The West Africa Quality System Programme (WASQP) intends to designate three accreditation bodies for conformity assessment institutions in three West African countries. This is part of its phase three of its programme
The programme which is funded by the European Union (EU) will have the three selected accreditation bodies, two of which are yet to be named, serve as regional accreditation bodies.
This was disclosed by the National Technical Coordinator of WASQP, Mr John Oppong-Otoo, at a training programme on food safety, organised by the Ghana Standards Authority (GSA).
“We cannot have several accreditation bodies across the region because it is expensive so we would designate three bodies in three countries and give them the mandate to operate as regional accreditation bodies in the region,” he said.
He said the regional accreditation bodies would act as third parties who would give certification to other institutions to enable them conduct conformity assessment activities in the areas of testing, certification and inspection.
The Ghana Standards Authority (GSA) organised a two-day training on Food Safety Management for stakeholders under the West Africa Quality System Programme (WASQP) to build their capacity on quality management systems.
The participants were trained in skills certification, food processing, auditing accounting, requirements of ISO 22000 and the HACCP-tool used to analyse associated hazards in production among other things.
The WASQP, being funded by the European Union (EU) and implemented by UNIDO, is a support programme that aims at helping to implement the quality policy of ECOWAS countries.
EU is funding the third Phase of WASQP that was launched in 2015 with €12,000.00 to help organise various training sessions for quality safety personnel in the 15 member states.
The first phase of the programme was introduced in 2001 to 2005 while the second phase was launched in 2007 for a period of five years with the aim to strengthen regional economic integration and trade by creating an environment that facilitated compliance with international trade rules and technical regulation.
Mr Michael Seneyah, the Head of Standards at the Ministry of Trade and Industry (MOTI), during the opening, described the training as very strategic to help train more personnel on food safety adding “food safety is a matter of concern for all.”
He said Ghana had been facing a lot of challenges in exporting food products hence the need to build capacities of those who worked to ensure that products met required regulations and international standards.
The Head of Macroeconomics and Trade Section, European Union Delegation to Ghana, Mr Christian Peters, said the funding of the programme was part of EU’s commitment to promote development in Africa.

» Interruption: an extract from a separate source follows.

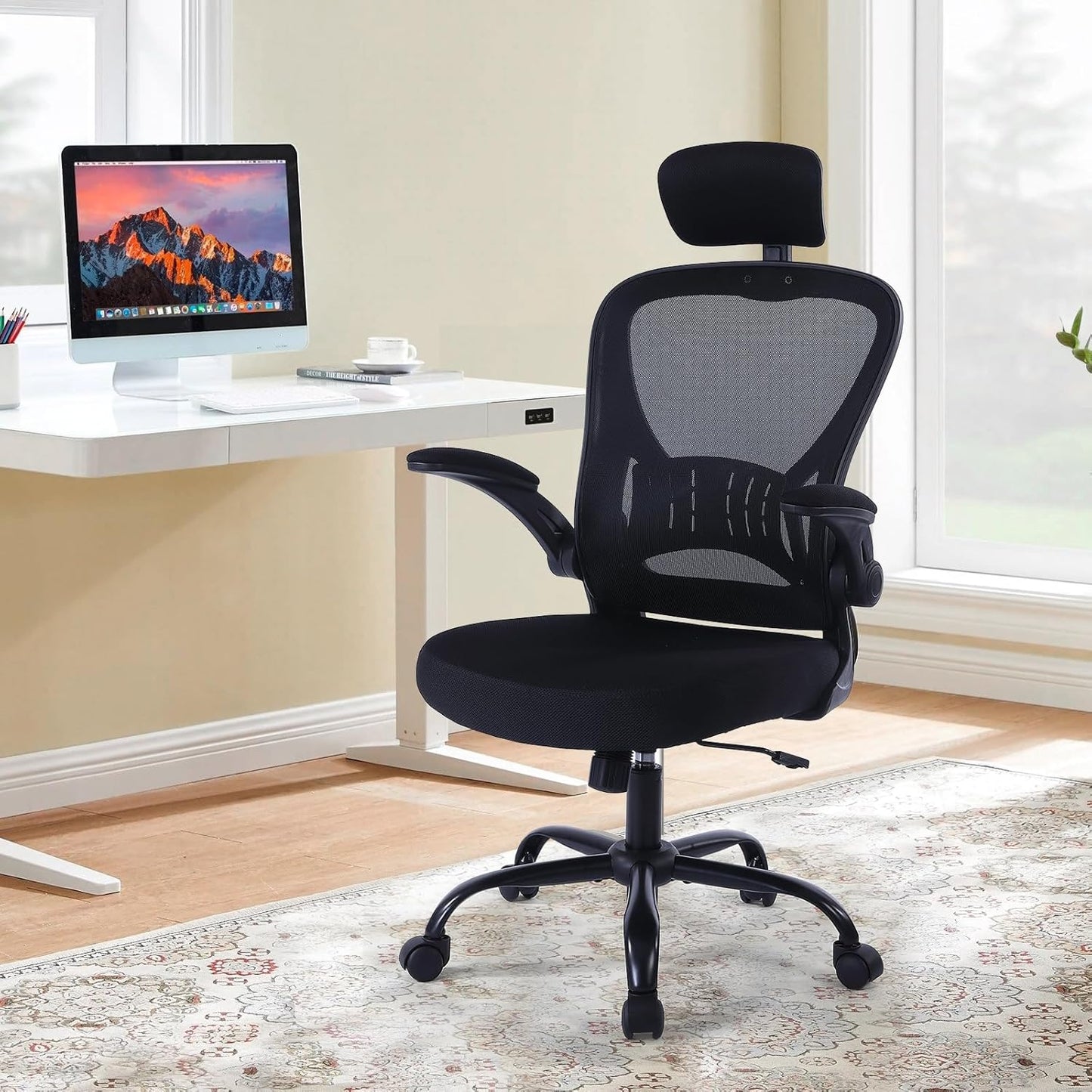 ralex-chair Ergonomic Office Chair with Adjustable Headrest & Lumbar Support, Computer Desk Chair with Flip-Up Armrests, Comfortable for Home, Office, Conference Room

Mr Peters said last year Ghana exported more than 1.4 billion Euros of products comprising canned tuna, vegetables, fruits and peanuts to the EU markets and, therefore, there was the need for such a training to inform officials on current standards to boost Ghana’s exports.
The programme would ultimately promote regional quality policy, create and harmonise standards in the ECOWAS region as well as promote peer exchange and sensitisation, Mr Peters said.